Mean log volume per leg - Log volume per leg averaged over all specimens included in the given tip of the tree used for phylogenetic logistic regression, listed only for the first member of the tree tip (other members listed with "-"). Fossils were not included in phylogenetic logistic regression models and are therefore listed as "N/A."
Tree tip - Tip of the tree used for phylogenetic logistic regression in which the specimen is included. Fossils were not included in phylogenetic logistic regression models and are therefore listed as "N/A."
Notes - General comments on specimens and measurements.
Reference (See Data 2)/Provenance - Source of specimen. Data was collected from observations of live animals observed in the wild (vicinity of Traverse City, MI, or Stanford, CA) or captivity (GT Butterfly House & Bug Zoo in Williamsburg, MI) and from specimens illustrated in the literature. Long-form versions of references are provided separately in file Data 2.

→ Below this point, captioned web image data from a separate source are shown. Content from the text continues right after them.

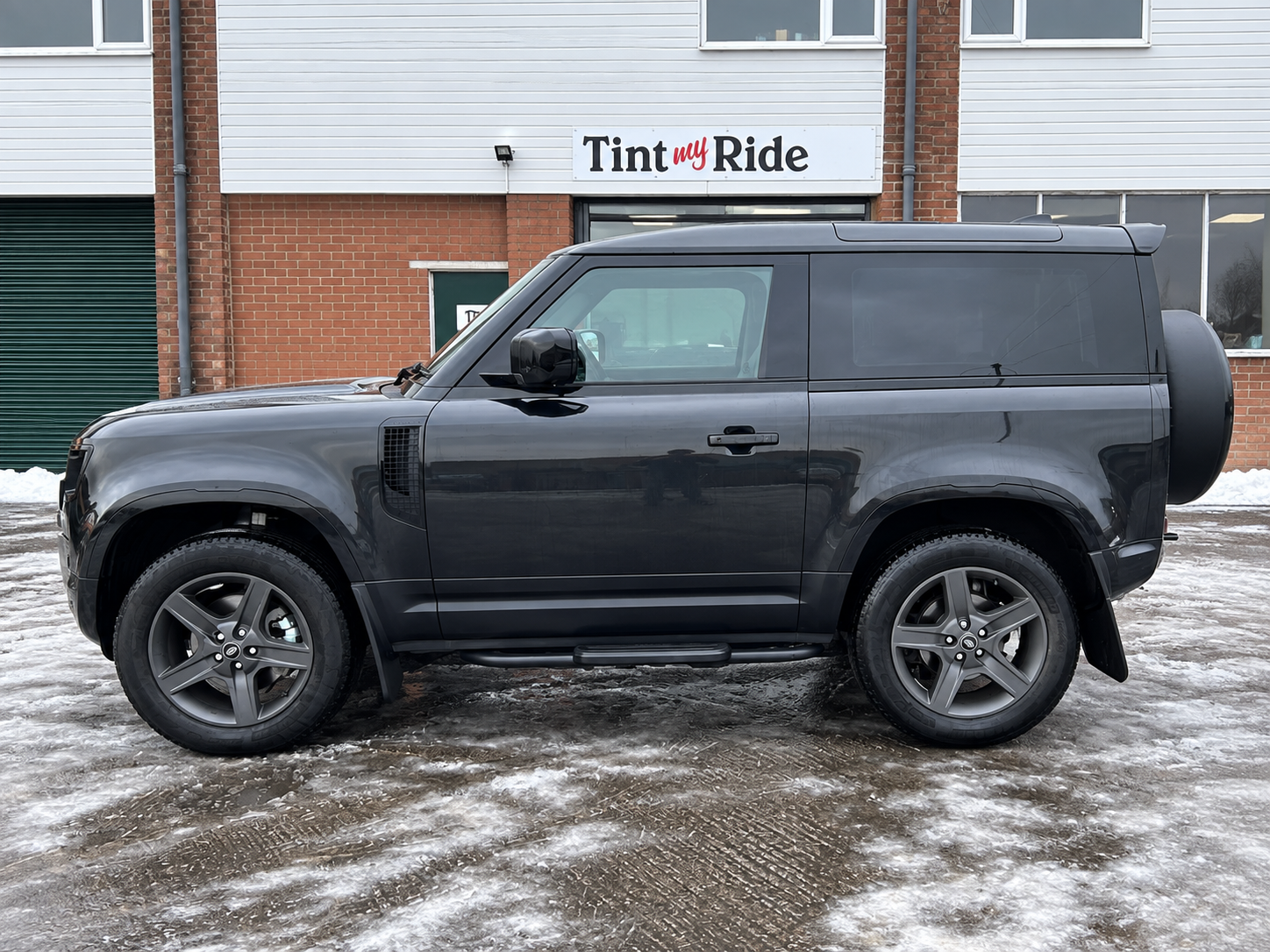 Grey Land Rover Defender with tinted glass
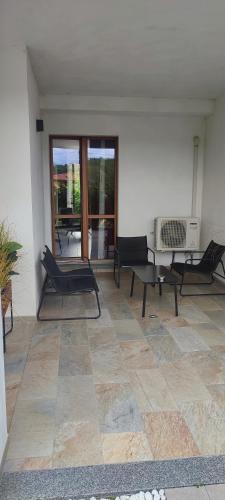 a living room with chairs and a radiator on a floor at Nautica Tarello - Casa Ena BeB in Viverone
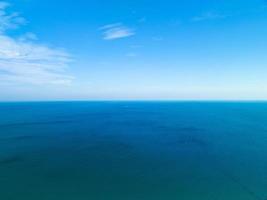 sorprendente bianca nuvole con blu cielo al di sopra di calma mare e luce del sole riflessione, aereo Visualizza Aperto mare oceano acqua superficie, soleggiato chiaro cielo e nuvole al di sopra di oceano, vivace mare con nuvole sfondo foto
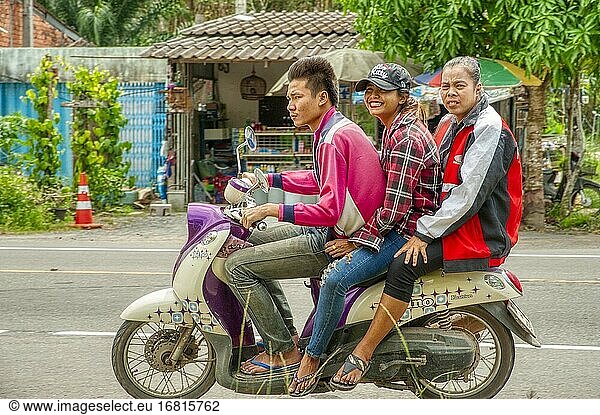 Three on a motor scooter  Satun Province  Thailand.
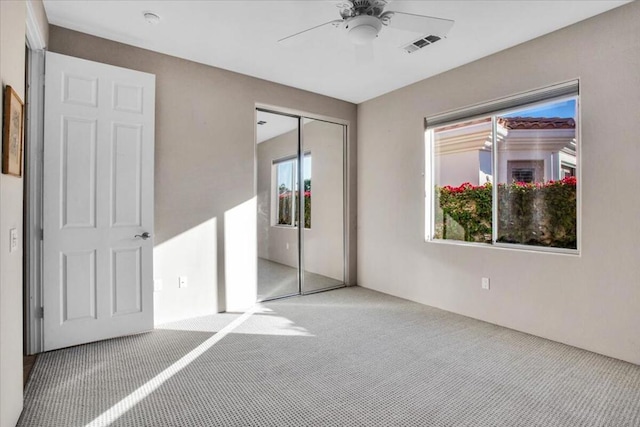 unfurnished bedroom featuring light carpet, ceiling fan, and a closet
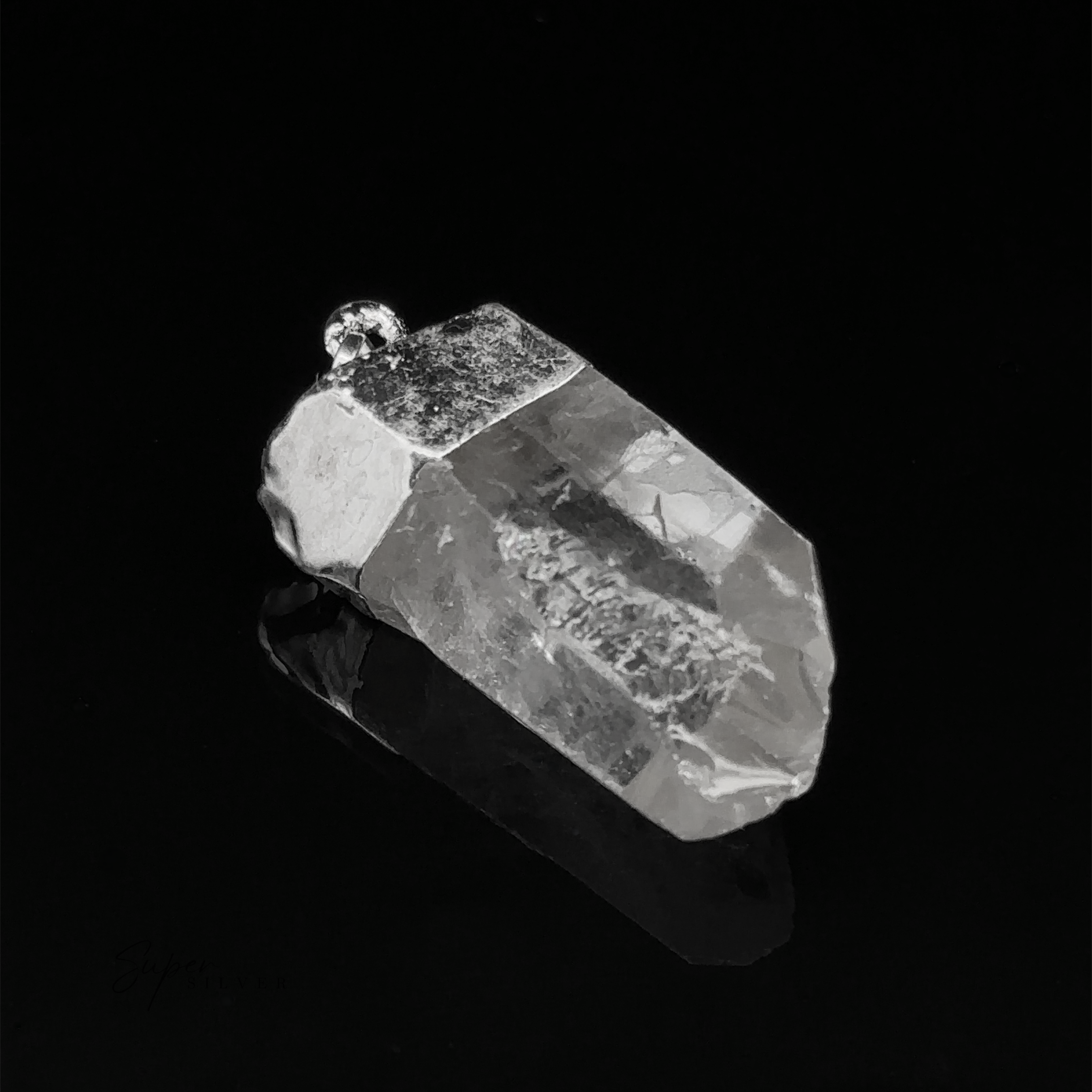 A Raw Crystal Pendant With Silver Cap showcased on a black background highlights its natural gemstone allure.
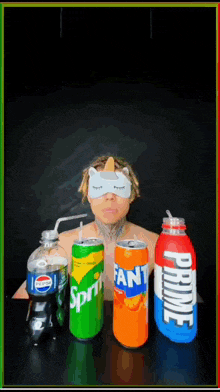 a man wearing a cat mask is surrounded by sprite fanta and pepsi cans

Data_2_-_References_for_Body_Size_Measurements.docx
Complete long-form reference list for body size measurements taken from the literature.
Data_3_-_Tree_File_for_Phylogenetic_Regression.nex
NEXUS file for the phylogenetic tree used in the phylogenetic general linear regression models.
Data_4_-Data_for_Phylogenetic_Regression(Dependent_Habitat).csv
Table of habitats, leg postures, and other predictor variable states for all included taxa for use in phylogenetic general linear regression models with habitat as the dependent variable.
Column descriptions:
Taxon - The taxon represented by a tree tip in the phylogenetic regression analyses.
Feet - The leg posture (digitigrade or plantigrade) exhibited by members of the taxon.
Min Legs - The minimum number of walking legs exhibited by any member of the taxon.
Max Legs - The maximum number of walking legs exhibited by any member of the taxon.
Mean log leg count - Base ten logarithm of leg count averaged over all measured specimens included in the taxon. Corresponds to data values in file Data 1.
Habitat - Indicates whether the habitat of members of the taxon is aquatic (0) or terrestrial (1). This is the dependent variable used in the phylogenetic logistic regression that this file corresponds to; hence, it must be formatted numerically.
Cuticle - Indicates whether the cuticle of members of the taxon is mineralized or nonmineralized.
Mean log Body Length - Base ten logarithm of measured body length in millimeters, averaged over all measured specimens included in the taxon. Corresponds to data values in file Data 1.
Mean log Volume - Base ten logarithm of estimated body volume in cubic millimeters, averaged over all measured specimens included in the taxon. Corresponds to data values in file Data 1.
Mean log Volume Per Leg - Base ten logarithm of the ratio of estimated body volume to leg count, averaged over all measured specimens included in the taxon. Corresponds to data values in file Data 1.
Min Time Since Terrestrialization - The minimum time in millions of years since the taxon became terrestrialized; "0" for aquatic taxa.
**Data_5_-Data_for_Phylogenetic_Regression(Dependent_Posture).csv: The same as file Data 4, but reformatted for analyses that treat leg posture as the dependent variable. Formatting differences include a numerical value for the "Feet" variable (0 for digitigrade, 1 for plantigrade) and a categorical value for the "Habitat" variable (aquatic/terrestrial).
Data_6_-_R_Code_for_Phylogenetic_Regression.R: R code that performs phylogenetic general linear regressions using the hylolm package (Ho et al. 2014). Requires files Data 3, Data 4, and Data 5. Scorpions are removed from the data to avoid circular argumentation. Doing so does not meaningfully change the statistical results.
Data_7_-_Statistical_Results_Comparisons.xlsx: Tables of the statistical results generated by the code in file Data 6. The table on the first page is the same as Table S2 of the Supporting Information for the article. Additional tables contain the same data rearranged and colour-labelled for easy comparison between models.